Le chaperon rouge, étymologie

Revenons encore une fois au conte du Petit Chaperon rouge.

Mais avant d’aller plus loin, il conviendrait de s’interroger sur le sens de ce « chaperon ». Ce terme désigne une coiffure à bourrelet terminée par une queue que portaient les hommes et les femmes du Moyen Âge. Selon Furetière, cette coiffure serait restée en usage pour les hommes jusque sous le règne de Charles VII. Pour les femmes, le chaperon était plutôt « une bande de velours qu’elles portaient sur leur bonnet ; et c’était marque de bourgeoisie ». Le terme a désigné également un grand voile dont les veuves se couvraient la tête et le «bourrelet à pendant d'étoffe, garni d'hermine, fixé sur l'épaule gauche de la robe des magistrats, docteurs, professeurs ».

L’idée de base est donc bien celle d’une étoffe qui recouvre. Chaperon est en fait un diminutif de chape.

Le Robert historique nous apprend que « cape », puis « chape » est issu du bas latin « cappa », désignant un capuchon et manteau à capuchon. Notre mot « cape » actuel est de formation savante.

La « chape de plomb » était le nom d’un ancien instrument de torture qui est passé dans l’usage avec une valeur figurée. Sinon, le terme a pris une valeur technique en maçonnerie : la chape qui recouvre un mur.

Le chaperon, quant à lui, est comme je l’ai dit un diminutif de chape et désignait donc une coiffure à bourrelet terminée par une queue. Dans le conte de Perrault, c’est par métonymie que le terme a désigné la petite fille qui portait le chaperon. A mon avis la couleur rouge choisie n’est pas innocente puisqu’elle préfigure le carnage perpétré par le loup. Si on veut bien accepter la théorie qui veut voir dans le conte l’éveil d’une jeune fille à la sexualité (cf. aussi l’expression « voir le loup », « avoir déjà vu le loup ») cette couleur rouge pourrait faire référence aux premières règles de la puberté. Quant à voir une autre allusion sexuelle dans la queue du bonnet, il y a un pas que je ne franchirai pas.

Revenons plutôt à l’histoire de la langue.

Par extension et au figuré, le chaperon a fini par désigner « une personne respectable, généralement d'un certain âge à qui l'on confiait naguère (parfois encore aujourd'hui) pour des raisons de convenance et notamment pour les sorties, la surveillance d'une jeune fille ou d'une jeune femme. » (Dictionnaire de l’Académie, 1932).

Furetière parle de « grand Chaperon » pour désigner ces dames respectables qui accompagnent les jeunes filles.
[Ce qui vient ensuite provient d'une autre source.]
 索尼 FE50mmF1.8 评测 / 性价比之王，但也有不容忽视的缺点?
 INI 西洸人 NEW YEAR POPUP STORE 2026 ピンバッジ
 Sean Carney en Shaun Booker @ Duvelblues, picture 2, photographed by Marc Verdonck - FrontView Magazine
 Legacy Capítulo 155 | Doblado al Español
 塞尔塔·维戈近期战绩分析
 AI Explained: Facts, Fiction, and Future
Le Dictionnaire de l’Académie (1694) reprend la même définition : « on appelle figurément grand chaperon les femmes d’âge qui accompagnent les jeunes filles dans les compagnies, par bienséance et comme pour répondre de leurs conduites ».

L’idée de protection que contenait le mot chaperon est donc passée dans le sens moral.
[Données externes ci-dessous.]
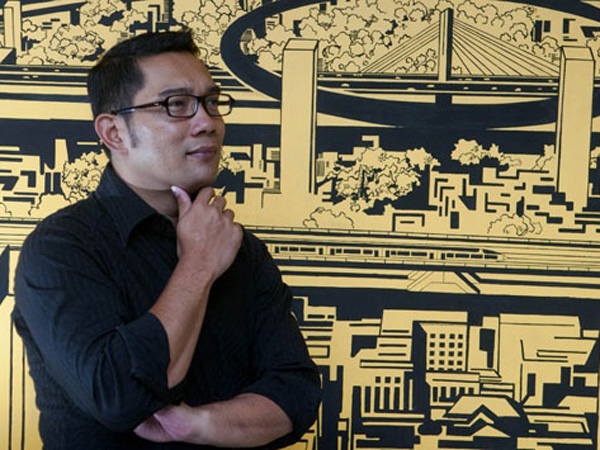Suka Bercanda di Media Sosial, Ini Alasan Walikota Ridwan Kamil Sering Sebut Jomblo di Instagram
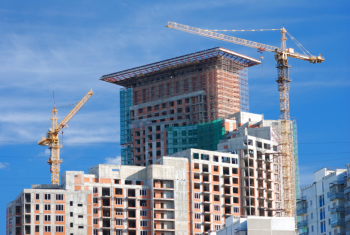 construction services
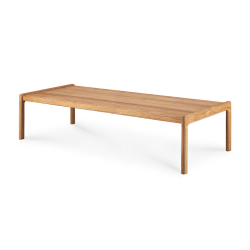 ETHNICRAFT table basse pour l'extérieur JACK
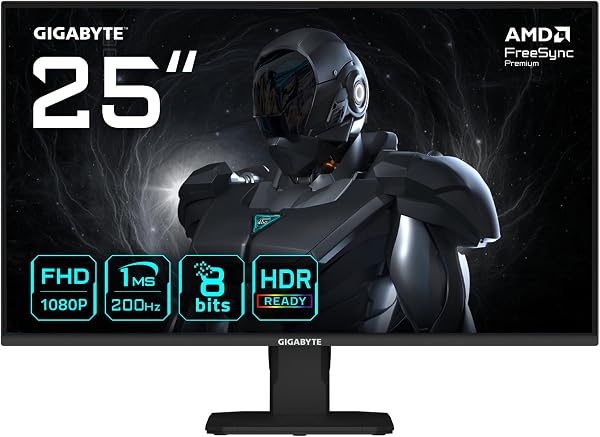 Gigabyte GS25F2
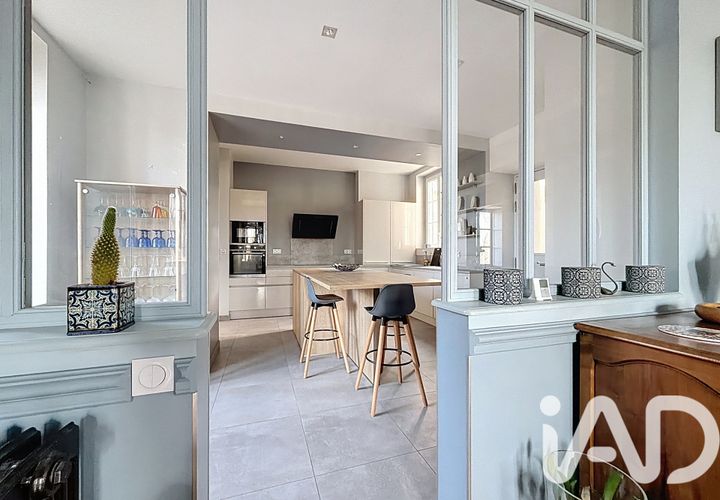 Villa in Amboise, Indre-et-Loire, Amboise - € 736.800 | Ref: 46475 - foto 1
Notons aussi que ce sens du mot « chaperon » renvoyait donc bien une personne et dès lors Perrault n’a eu aucune difficulté à nommer la petite fille de son conte par sa coiffe.

Quant au verbe « chaperonner », utilisé surtout au participe passé, il signifiait à l’origine « coiffé d’un chaperon », mais le sens strict s’est limité au domaine de la fauconnerie (« Petit casque de cuir dont on recouvre le crâne et les yeux des rapaces »).  Au sens dérivé, chaperonner veut dire « accompagner une jeune personne pour la protéger et la surveiller ».

Pour revenir à notre conte de Perrault, on remarquera donc toute l’ambiguïté du terme « chaperon » puisque la petite fille ainsi habillée était supposée être protégée (contre les intempéries, mais aussi moralement) alors qu’en réalité elle est livrée à elle-même sur les routes où rode le loup. C’est d’ailleurs sur les conseils du loup qu’elle prend le chemin le plus long (tandis que le loup prend le plus court). De plus, tandis que le loup se met à courir, la petite fille prend le temps de cueillir des fleurs (reflet de ses états d’âme romantique, préfiguration de l’amour ?)

La couleur rouge, celle du sang, accolée au chaperon supposé la protéger est donc une sorte de contradiction ou si vous aimez les figures de style, un oxymore.